### [PROMPT]
Every line below should come back exactly as written, though the pictures stay out.

### [PROVIDED DATA]
Segment Open
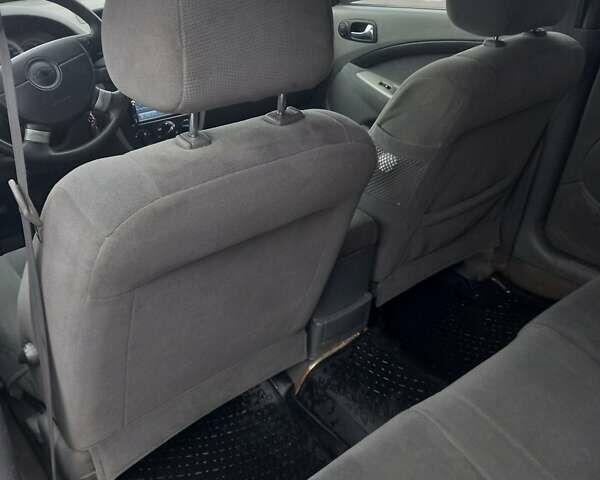 Зеленый Шевроле Лачетти, объемом двигателя 1.8 л и пробегом 205 тыс. км за 5000 $, фото 4 на Automoto.ua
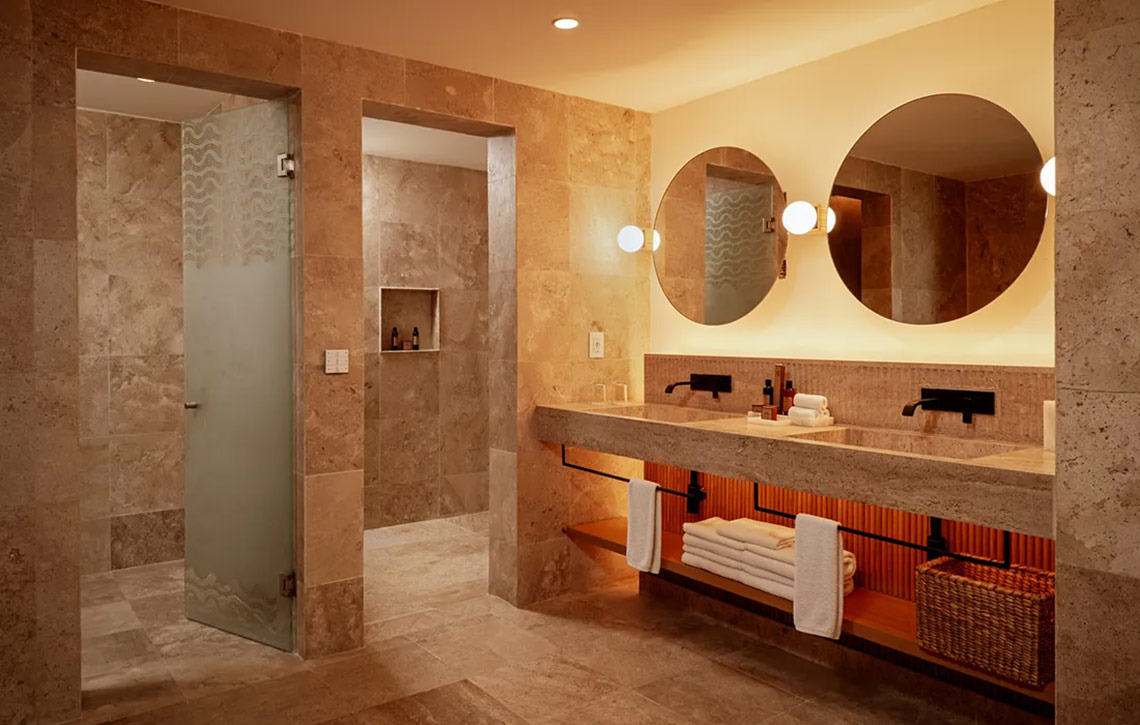 Luxury bathroom with dual sinks & shower at Hacienda Tres Rios.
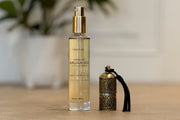 Clear glass bottle with gold spray top containing pale golden argan oil, labeled "100% Pure Moroccan Argan Oil," next to deco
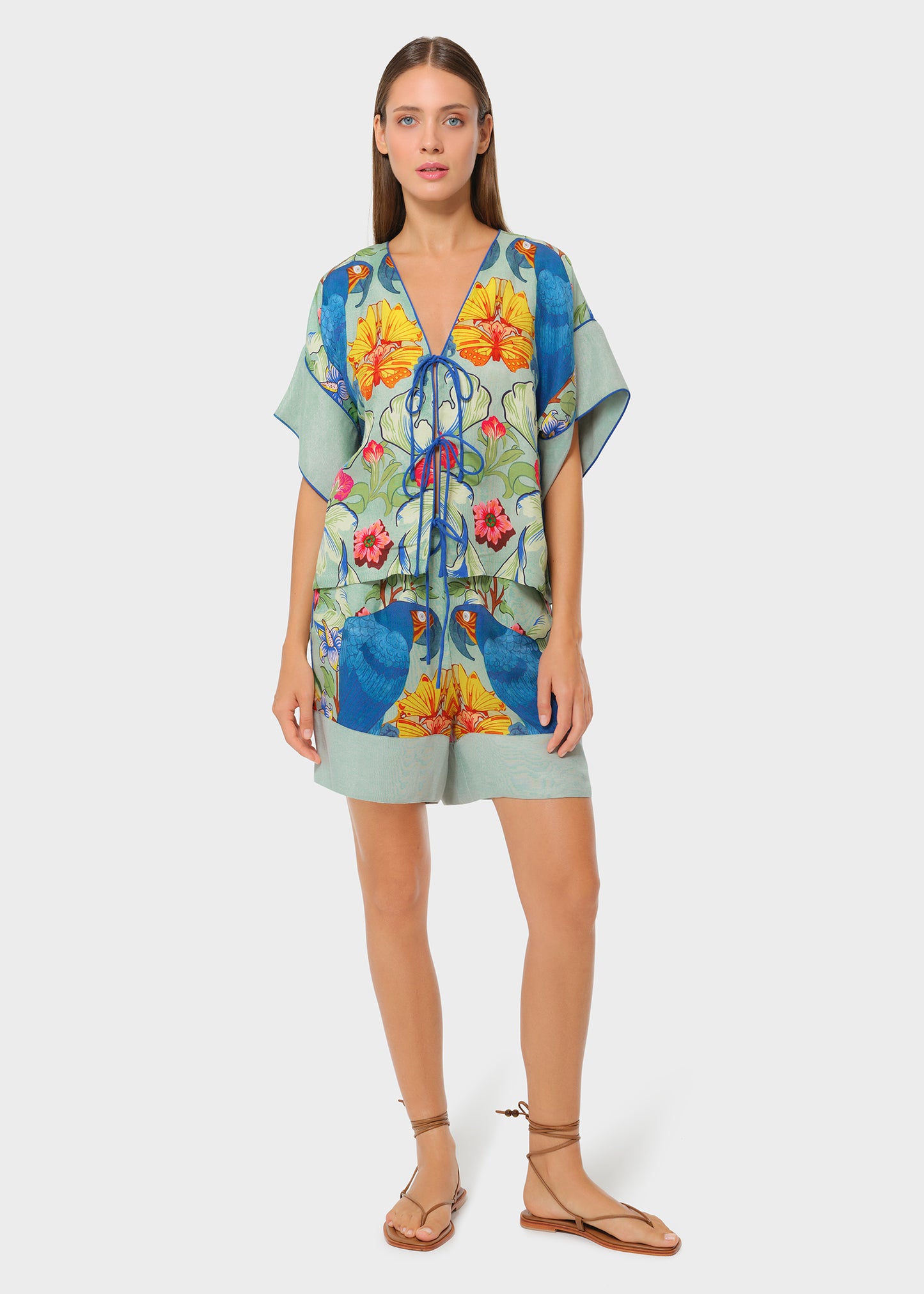 Model wearing a printed short set with a light green crop top and parrot-print shorts.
Segment Closed
### [OUTPUT]
 Зеленый Шевроле Лачетти, объемом двигателя 1.8 л и пробегом 205 тыс. км за 5000 $, фото 4 на Automoto.ua
 Luxury bathroom with dual sinks & shower at Hacienda Tres Rios.
 Clear glass bottle with gold spray top containing pale golden argan oil, labeled "100% Pure Moroccan Argan Oil," next to deco
 Model wearing a printed short set with a light green crop top and parrot-print shorts.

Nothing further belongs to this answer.